* DATA RECORDS

Start of Block

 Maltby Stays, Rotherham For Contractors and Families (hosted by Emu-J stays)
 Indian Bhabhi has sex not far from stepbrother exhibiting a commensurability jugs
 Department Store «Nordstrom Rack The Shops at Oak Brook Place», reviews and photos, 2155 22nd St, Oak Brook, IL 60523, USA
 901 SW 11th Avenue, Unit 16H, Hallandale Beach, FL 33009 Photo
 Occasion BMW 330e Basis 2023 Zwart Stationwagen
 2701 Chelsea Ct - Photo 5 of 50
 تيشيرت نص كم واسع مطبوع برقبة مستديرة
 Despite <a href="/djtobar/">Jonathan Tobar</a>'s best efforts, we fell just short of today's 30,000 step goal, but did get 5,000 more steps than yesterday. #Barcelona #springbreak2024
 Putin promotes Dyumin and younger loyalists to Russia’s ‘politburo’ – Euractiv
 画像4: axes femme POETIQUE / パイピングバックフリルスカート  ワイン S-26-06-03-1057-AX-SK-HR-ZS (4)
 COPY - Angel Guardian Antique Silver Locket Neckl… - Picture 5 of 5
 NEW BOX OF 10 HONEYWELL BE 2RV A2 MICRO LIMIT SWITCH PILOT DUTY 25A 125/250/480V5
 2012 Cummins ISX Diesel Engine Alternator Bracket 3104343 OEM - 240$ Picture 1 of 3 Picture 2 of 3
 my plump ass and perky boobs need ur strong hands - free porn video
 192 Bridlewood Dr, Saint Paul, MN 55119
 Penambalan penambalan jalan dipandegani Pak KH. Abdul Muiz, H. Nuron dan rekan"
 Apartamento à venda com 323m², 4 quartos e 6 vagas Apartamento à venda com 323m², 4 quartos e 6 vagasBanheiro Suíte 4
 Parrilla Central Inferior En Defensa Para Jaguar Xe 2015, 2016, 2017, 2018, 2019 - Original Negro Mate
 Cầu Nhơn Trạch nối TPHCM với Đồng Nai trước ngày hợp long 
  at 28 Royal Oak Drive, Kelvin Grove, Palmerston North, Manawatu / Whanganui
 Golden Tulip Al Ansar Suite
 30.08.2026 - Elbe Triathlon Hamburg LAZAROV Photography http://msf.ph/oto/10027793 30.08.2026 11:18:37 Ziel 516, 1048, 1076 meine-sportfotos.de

End of Block

* EXERCISE AIM
For each line of the entries that holds the word "Picture", pull that line out.

* WORKED SOLUTION
 COPY - Angel Guardian Antique Silver Locket Neckl… - Picture 5 of 5
 2012 Cummins ISX Diesel Engine Alternator Bracket 3104343 OEM - 240$ Picture 1 of 3 Picture 2 of 3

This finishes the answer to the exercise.